When Drafting An Arbitration Clause, Check Case Law First

 
Neil Bardack
June 16, 2016

In the recent decision of the California Court of Appeal in Rice v. Downs, Second Appellate District, Div. One, B261860 (Filed 6/1/16), the Court held the drafters of an arbitration clause (the parties and their lawyers alike) were experienced and would not have chosen language that they would have expected to be interpreted differently than the judicial interpretations in then-existing California and Ninth Circuit case law where their chosen language was reviewed. That is, the drafting parties were presumed to know the law.

This decision provides a good review of how arbitration language is typically used and litigated. What is important is that most drafters borrow language from other contracts without much thought of what a court would do when a dispute arises over the scope and meaning or what claims are included or not. Having been presumed to know the law, it is important for drafters to read it.

In Rice, the Court parsed through a number of litigated arbitration clause permutations to decide whether certain claims for malpractice, breach of fiduciary duty, and rescission claims that plaintiff Rice brought against his attorney Downs arose out of limited liability operating agreements drafted by the defendant attorney and were properly arbitrated with other disputes between the parties.
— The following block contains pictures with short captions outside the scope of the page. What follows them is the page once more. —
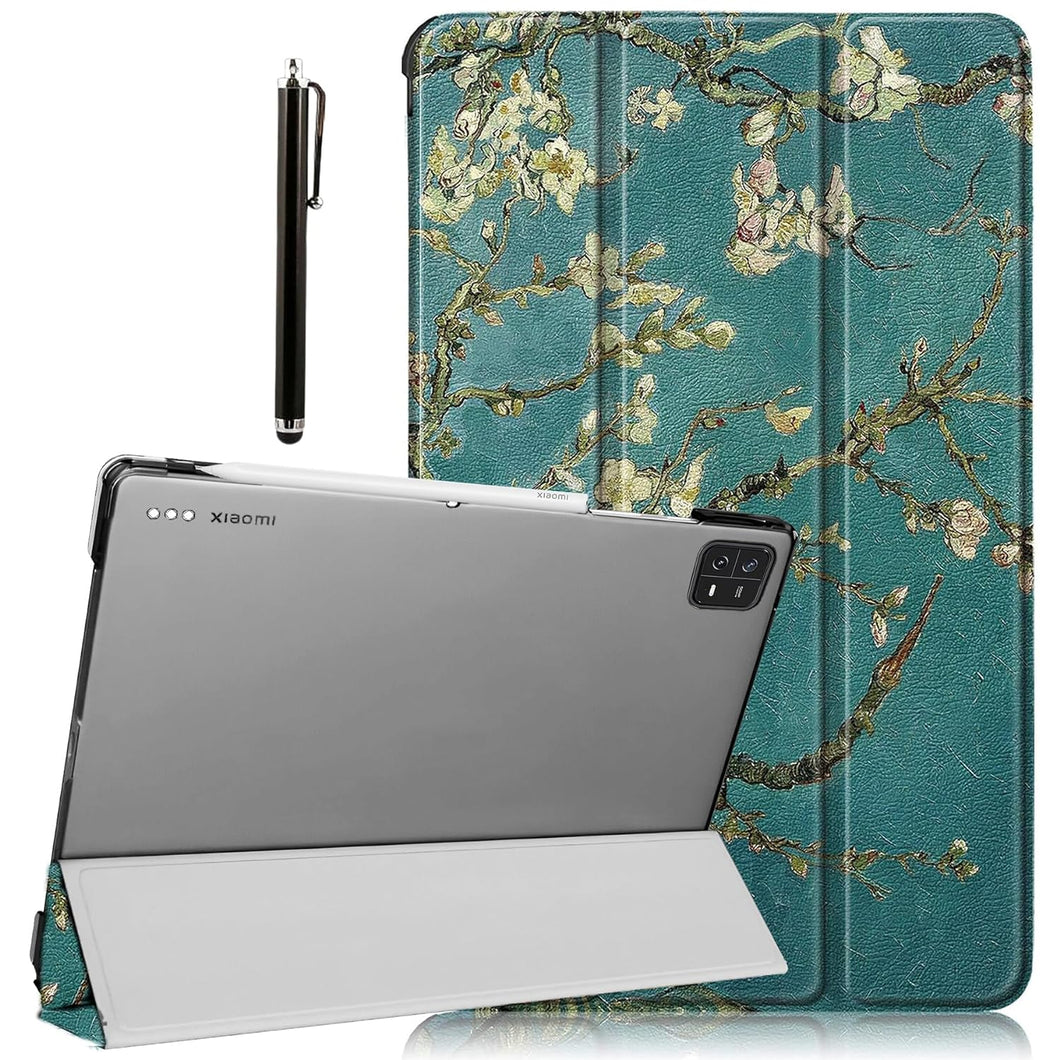 ProElite Cover for Xiaomi Mi Pad 6 Case Cover 11 inch Flip Stand Cover with Transparent Back & Stylus Pen [Auto Sleep Wake Support], Flowers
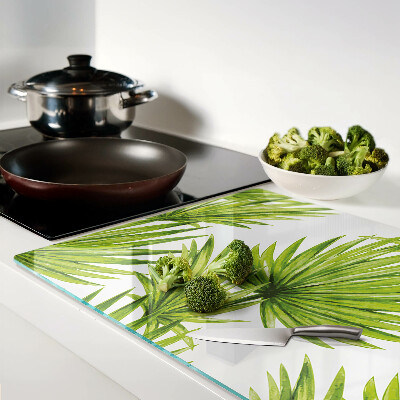 Chopping board Palm leaves in shades of green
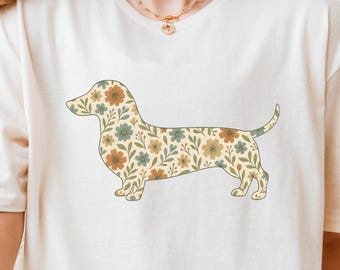 Camiseta con flores de perro salchicha, regalo para amantes de los perros, camiseta adorable para mascotas, ropa floral para perro salchicha, ropa para amantes de los animales, regalo para mamá dueña de perro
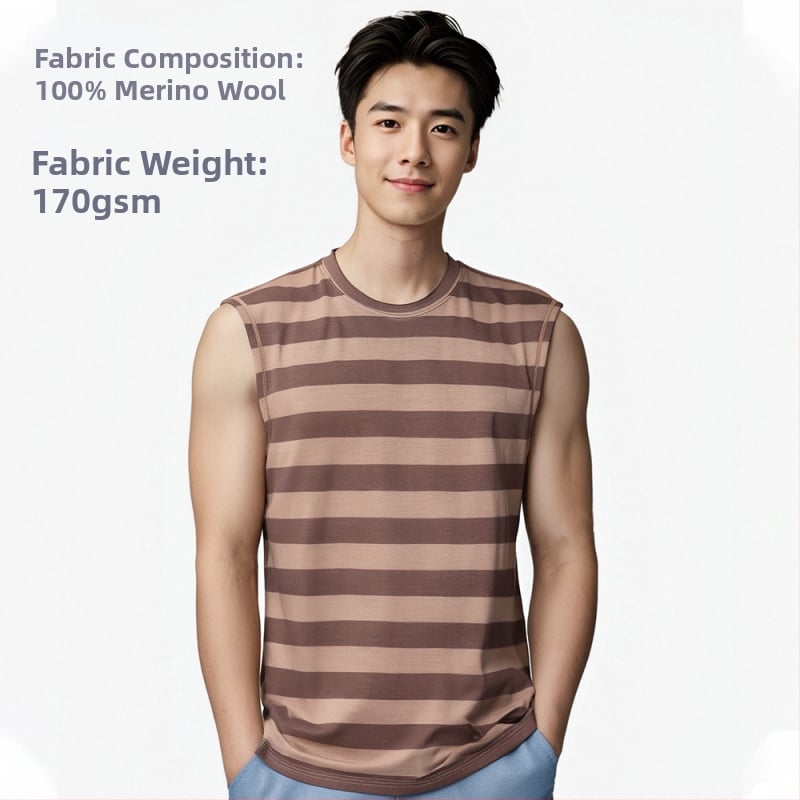 Merino vlna rýchloschnúca vesta – pánske bezrukávové bežecké tričko, priedušné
These claims were not found to have arisen from the agreement under the following language: “any controversy between the parties arising out of this agreement” as they were not contractual claims (and even tort claims) that arose from the agreement itself. In so holding, the appellate court reversed the trial court’s decision ordering Rice’s claims for malpractice to arbitration.

The Court affirmed that arbitration clauses are to be interpreted like any other contract to give effect to the parties’ intentions in light of the usual and ordinary meaning of the contractual language and circumstances under which the contract was made. The focus on whether a particular dispute is intended by the parties to be arbitrated turns on whether the clause is broad (“any claim arising from or related to this agreement or arising in connection with the agreement’). In that case, even tort claims that have their roots in the relationship of the parties to the contract could be ordered to arbitration, as the factual allegations need only “touch matters covered by the contract between the parties.”

Having said this, the Court found that any determination of whether the parties intended to arbitrate a specific dispute had to be resolved by determining whether the claims are controversies “arising out of” the agreements, that is, whether the disputes “have their roots in the relationship between the parties which was created by the contract in dispute that has the arbitration clause.”

Upon holding that the drafters were experienced and presumed to know the law, the Court held the parties to examine how courts had interpreted the scope of the language being used to determine if a particular claim arose out of or from the agreement.